╭─ Data shown

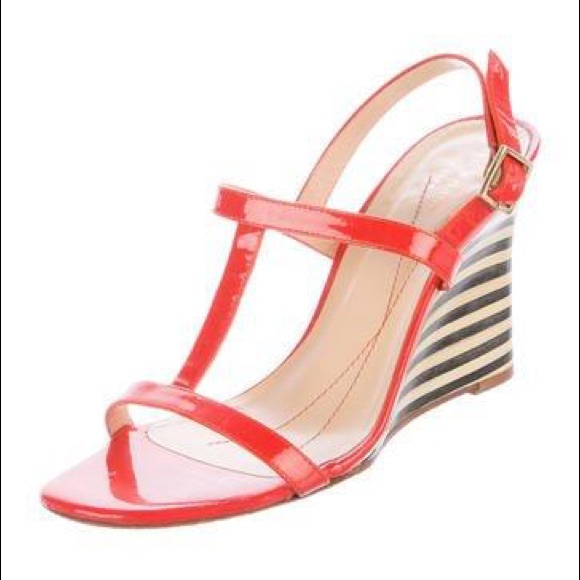 kate spade Shoes - Kate Spade Lorna Orange Patent Wedge Sandals 8.5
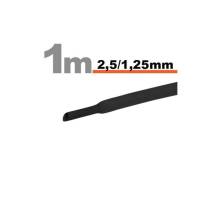 Zsugorcső 2,5mm / 1,25mm fekete 11020F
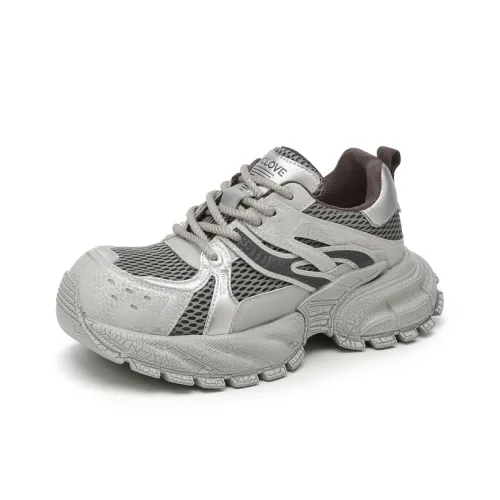 Jin Baichuan Легкий Низкий Топ Толстая Подошва Кроссовки Женские Черный Серебристый Желтый Осенний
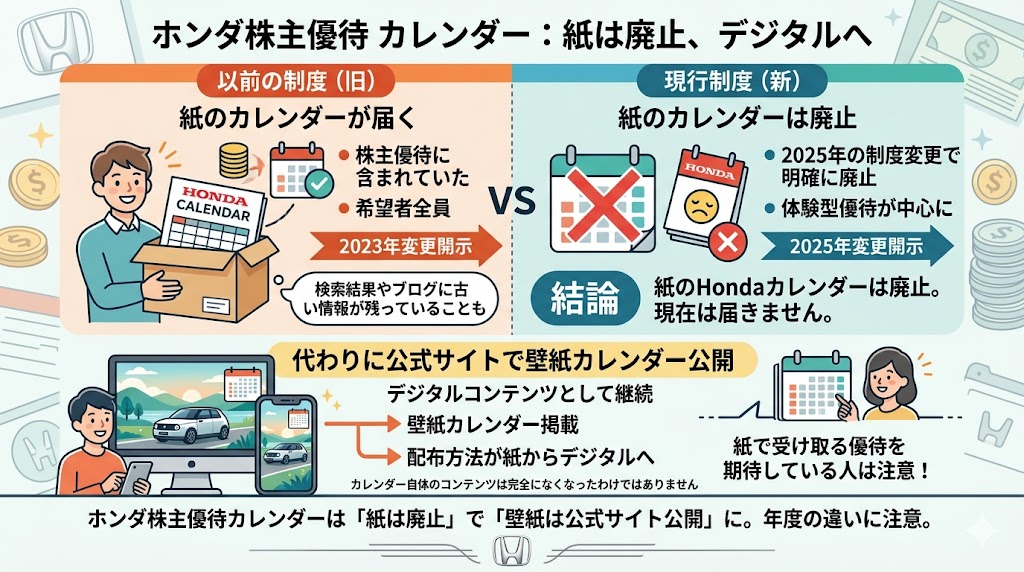 ホンダ株主優待のカレンダーは今ももらえる?廃止された?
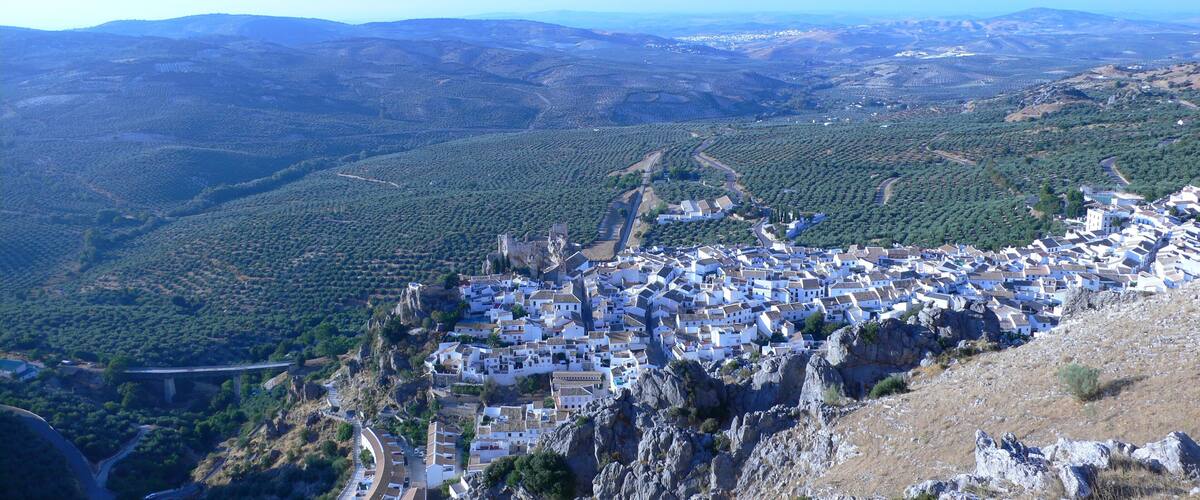 A coastal town with white buildings, a prominent castle, and a mountainous backdrop.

╰─

**Exercise requirements**
Although the records contain pictures, only their text should be repeated, exactly as it appears.

**Response to this exercise**
 kate spade Shoes - Kate Spade Lorna Orange Patent Wedge Sandals 8.5
 Zsugorcső 2,5mm / 1,25mm fekete 11020F
 Jin Baichuan Легкий Низкий Топ Толстая Подошва Кроссовки Женские Черный Серебристый Желтый Осенний
 ホンダ株主優待のカレンダーは今ももらえる?廃止された?
 A coastal town with white buildings, a prominent castle, and a mountainous backdrop.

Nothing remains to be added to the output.